Proof of Measurable Section

I will give a proof of the measurable section theorem, also known as measurable selection. Given a complete probability space {(\Omega,\mathcal F,{\mathbb P})}, we denote the projection from {\Omega\times{\mathbb R}} by

\displaystyle  \setlength\arraycolsep{2pt} \begin{array}{rl} &\displaystyle\pi_\Omega\colon \Omega\times{\mathbb R}\rightarrow\Omega,\smallskip\\ &\displaystyle\pi_\Omega(\omega,t)=\omega. \end{array}

By definition, if {S\subseteq\Omega\times{\mathbb R}} then, for every {\omega\in\pi_\Omega(S)}, there exists a {t\in{\mathbb R}} such that {(\omega,t)\in S}. The measurable section theorem says that this choice can be made in a measurable way. That is, using {\mathcal B({\mathbb R})} to denote the Borel sigma-algebra, if S is in the product sigma-algebra {\mathcal F\otimes\mathcal B({\mathbb R})} then {\pi_\Omega(S)\in\mathcal F} and there is a measurable map

\displaystyle  \setlength\arraycolsep{2pt} \begin{array}{rl} &\displaystyle\tau\colon\pi_\Omega(S)\rightarrow{\mathbb R},\smallskip\\ &\displaystyle(\omega,\tau(\omega))\in S. \end{array}

It is convenient to extend {\tau} to the whole of {\Omega} by setting {\tau=\infty} outside of {\pi_\Omega(S)}.

measurable section
Figure 1: A section of a measurable set

We consider measurable functions {\tau\colon\Omega\rightarrow{\mathbb R}\cup\{\infty\}}. The graph of {\tau} is

\displaystyle  [\tau]=\left\{(\omega,\tau(\omega))\colon\tau(\omega)\in{\mathbb R}\right\}\subseteq\Omega\times{\mathbb R}.
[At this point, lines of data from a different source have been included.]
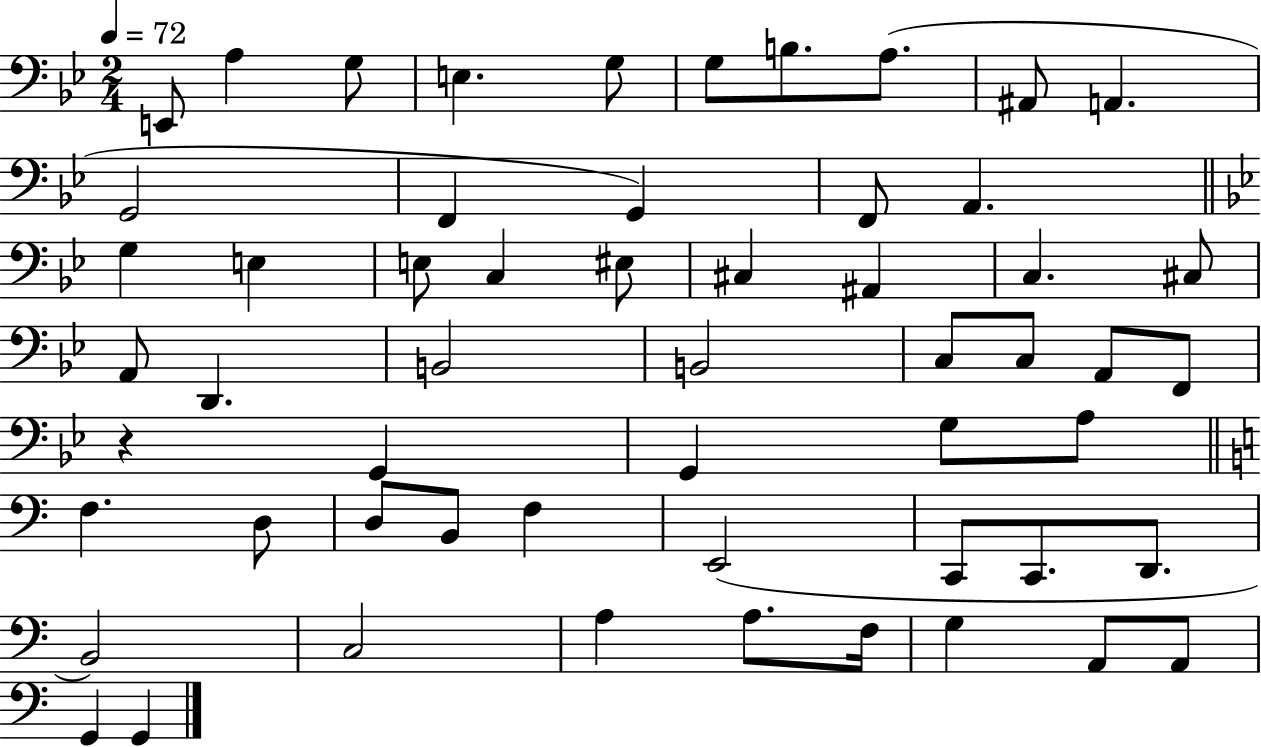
{
  \clef bass
  \numericTimeSignature
  \time 2/4
  \key bes \major
  \tempo 4 = 72
  e,8 a4 g8 | e4. g8 | g8 b8. a8.( | ais,8 a,4. | \break g,2 | f,4 g,4) | f,8 a,4. | \bar "||" \break \key g \minor g4 e4 | e8 c4 eis8 | cis4 ais,4 | c4. cis8 | \break a,8 d,4. | b,2 | b,2 | c8 c8 a,8 f,8 | \break r4 g,4 | g,4 g8 a8 | \bar "||" \break \key a \minor f4. d8 | d8 b,8 f4 | e,2( | c,8 c,8. d,8. | \break b,2) | c2 | a4 a8. f16 | g4 a,8 a,8 | \break g,4 g,4 | \bar "|."
}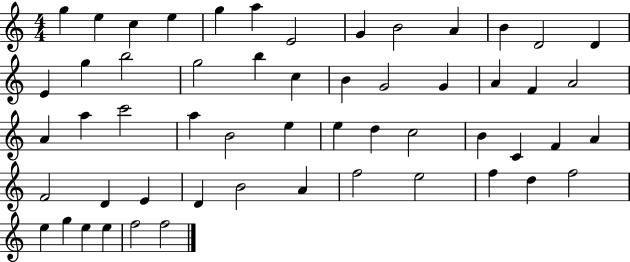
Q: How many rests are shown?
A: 0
The condition that {(\omega,\tau(\omega))\in S} whenever {\tau < \infty} can then be expressed by stating that {[\tau]\subseteq S}. This also ensures that {\{\tau < \infty\}} is a subset of {\pi_\Omega(S)}, and {\tau} is a section of S on the whole of {\pi_\Omega(S)} if and only if {\{\tau < \infty\}=\pi_\Omega(S)}.

The proof of the measurable section theorem will make use of the properties of analytic sets and of the Choquet capacitability theorem, as described in the previous two posts. [Note: I have since posted a more direct proof which does not involve such prerequisites.] Recall that a paving {\mathcal E} on a set X denotes, simply, a collection of subsets of X. The pair {(X,\mathcal E)} is then referred to as a paved space. Given a pair of paved spaces {(X,\mathcal E)} and {(Y,\mathcal F)}, the product paving {\mathcal E\times\mathcal F} denotes the collection of cartesian products {A\times B} for {A\in\mathcal E} and {B\in\mathcal F}, which is a paving on {X\times Y}. The notation {\mathcal E_\delta} is used for the collection of countable intersections of a paving {\mathcal E}.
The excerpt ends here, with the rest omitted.